Since the birth of the euro 11 years ago, an additional problem has appeared. Well-run, highly disciplined economies such as the one in Germany keep their inflation rates low, their productivity growth high and their wage costs under control. The upshot: These economies gradually become more internationally competitive, and run balance-of-payments surpluses.

This tendency was hidden in the euro's early years by Germany's struggles to integrate the former East Germany, whose much lower productivity was a drag on the economy. However from about 2005 the costs of integrating East Germany began to diminish and Germany's true economic superiority became more obvious.

At the other end of EU's economic spectrum, Europe's Mediterranean countries - now delightfully referred to as the "PIGS" (Portugal, Italy, Greece and Spain) - turned out to have much less discipline. Even before they joined the Eurozone, these countries had relatively high interest-and-inflation rates. The advent of the euro gave them low real interest rates, particularly as their domestic inflation continued and productivity growth remained low.

The result in Spain, for example, was a gigantic housing bubble. Italy had the poorest productivity performance, falling behind Germany at a rate of almost 3% a year and so becoming hopelessly uncompetitive. On the other hand, Italy's budget discipline was fairly good - far better than that of Greece, a country whose current woes underscore the inability of the EU to adequately police the finances of its member countries.

Since it joined the EU in 1981, Greece has been much poorer than other member countries, and so has treated the EU as a never-ending source of free handouts.

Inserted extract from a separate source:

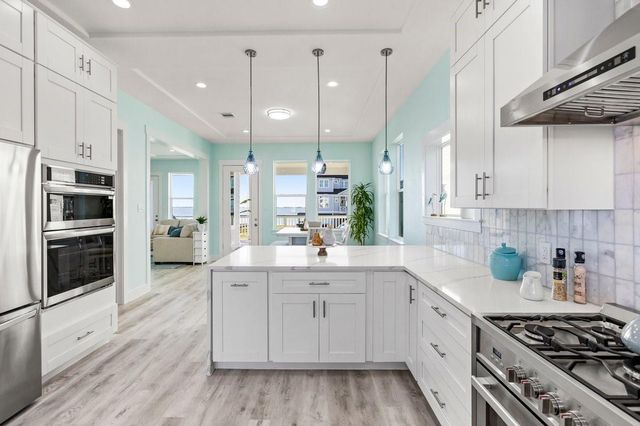 9417 Vista Bella, Galveston, TX 77554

That brings us back to the EMF proposal. It would be possible to design a fund that solves this problem. If you staffed it entirely with Scrooge-like bankers - the type that likes throwing foreclosed widows out in the snow on Christmas Eve - then it could achieve two things.

First, it could force Greece and any other country that needs money from the fund to reform their economies properly. This would involve cutting back the public sector, making everybody retire at ages closer to 70 than 60. It would also force down wage rates in the parts of the economy that were heavily unionized, and that had been extracting rents from their fellow citizens (or in Greece's case, from German taxpayers). Because it won't actually be a political body, an EMF of this kind would be invulnerable to the strikes, demonstrations, whining, squawking and Europe-wide lobbying which this process would undoubtedly cause.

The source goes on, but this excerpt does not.